Pitié pour les chevaux ! Par Isabelle Nail

Pitié pour les chevaux !    Par Isabelle Nail

                                                                                                         Isabelle Nail

Pitié pour les taureaux, pitié pour les veaux et pitié pour les chevaux qui ont le malheur de poser sabot sur le sable de l’arène ! 

L’incompréhensible jugement a encore frappé le président du CRAC Europe pour la protection de l’enfance, Jean-Pierre Garrigues, coupable d’avoir dit que la rejoneadora Léa Vicens, cavalière extra douée, faisait éventrer ses chevaux.

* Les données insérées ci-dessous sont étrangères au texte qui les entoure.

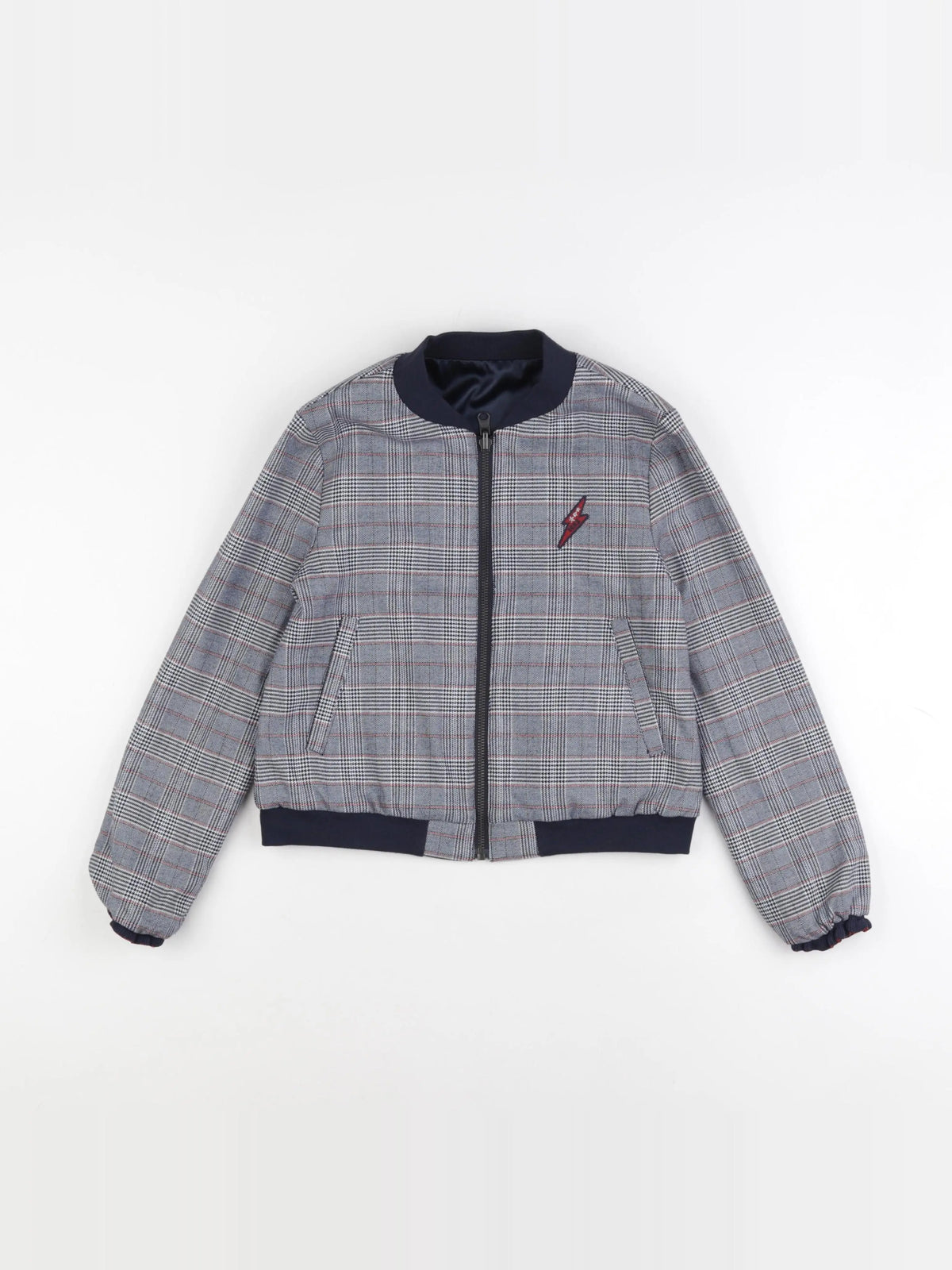 IKKS - veste réversible, imprimé au dos bleu - 10 ans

Muse, disciple ou élève réputée de l’ange Peralta, matador aux 6 000 taureaux tués, aux 442 oreilles et aux 134 queues, formée à la corrida de rejón, elle mène carrière dans un genre de spectacle très particulier qui oppose la femme à cheval armée d’armes tranchantes au « taureau de combat espagnol » élevé tout exprès pour se faire massacrer en espace clos. Dressé pour cette exhibition, le cheval devient obligatoirement le partenaire de sa cavalière dans cette lutte à mort. Il risque sa vie, passée au fil des cornes de l’adversaire de sa maîtresse, devenu le sien par la force des choses. Sans doute, la jeune femme durement entraînée à un art dangereux, « parce qu’elle ne savait pas que c’était impossible », ne fait-elle pas éventrer les chevaux dont elle déplore la perte comme autant d’accidents survenus dans un exercice à risque, mais elle demeure responsable de les avoir menés là où existe le danger de se faire salement encorner, éventrer, massacrer, comme pour mieux accompagner le taureau supplicié. Ils vont sentir venir la mort dans la souffrance, comme des êtres doués de sensibilité et reconnus comme tels depuis trop peu de temps par la loi des hommes (28 janvier 2015).                                                                             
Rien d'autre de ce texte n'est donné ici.